U.S. congressional candidate Brianna Wu says the government has a role to play in the fight against Internet trolls, a stance inspired in part by the backlash against Marvel Studios' female-led Captain Marvel.

"It's kind of a familiar story at this point, right? We were here with Ghostbusters — it seems like any time a woman steps forward and tries to put her toe in the water for a male-dominated field, we're right back here. It's so frustrating," Wu said on Bloomberg Technology, citing the controversy that surrounded Paul Feig's all-female Ghostbusters reboot.

Asked by host Emily Chang if social media sites like Facebook and Twitter are doing enough to curb trolls and harassment even amid a shift toward privacy, Wu said she "absolutely" believes it's a gendered issue, adding, "It affects men too, for sure."

When asked if legislation needs to be introduced to better control online hostilities, Wu answered, "I think that there is certainly a role in Washington for us to address what women face both in the tech industry, and what users face on the other side."

"Something we've seen is really big promises from Facebook, from Twitter, from Reddit, from all these companies, that they're going to address this situation," Wu added.

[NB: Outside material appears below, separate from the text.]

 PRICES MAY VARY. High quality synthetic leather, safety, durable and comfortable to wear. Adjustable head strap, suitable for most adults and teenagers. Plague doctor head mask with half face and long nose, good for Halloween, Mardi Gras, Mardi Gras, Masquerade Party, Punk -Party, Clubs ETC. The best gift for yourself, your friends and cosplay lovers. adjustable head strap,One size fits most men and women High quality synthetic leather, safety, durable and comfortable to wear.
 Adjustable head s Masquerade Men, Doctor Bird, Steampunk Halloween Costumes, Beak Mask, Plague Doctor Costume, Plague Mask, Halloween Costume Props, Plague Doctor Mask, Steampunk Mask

"For me, looking at this in 2019, it's very hard for me to point to one thing that has concretely changed for women in the tech industry, so I do think Washington has a role to play."

Prompted to describe what this legislation could look like, Wu pointed to the self-regulated video game industry.

"I think it starts with letting these companies know that Washington is going to take it seriously," Wu said.

"In the video game industry, famously, they held hearings about violence in the '90s, and then the video game industry looked at it and said, 'If we don't get serious about this, they're going to regulate our field.' And then our industry formed the ESRB and self-regulated, and it works amazingly well. What I think will happen is if you have people in Washington sitting on the Science, Space and Technology subcommittee looking at this, that that threat of real legislation coming down the pipe will cause these companies to finally do the right thing."

Disney-owned Marvel Studios' first female-led superhero movie was targeted on Rotten Tomatoes, where review bombers dropped its anticipation rating to the lowest of any Marvel Cinematic Universe entry. Its abuse resulted in the complete removal of the feature.

Despite the online pushback facing Captain Marvel, the Brie Larson and Samuel L. Jackson starrer is eyeing a $350 million global opening weekend.

Captain Marvel releases to theaters tonight. Larson next returns in Avengers: Endgame, out April 26.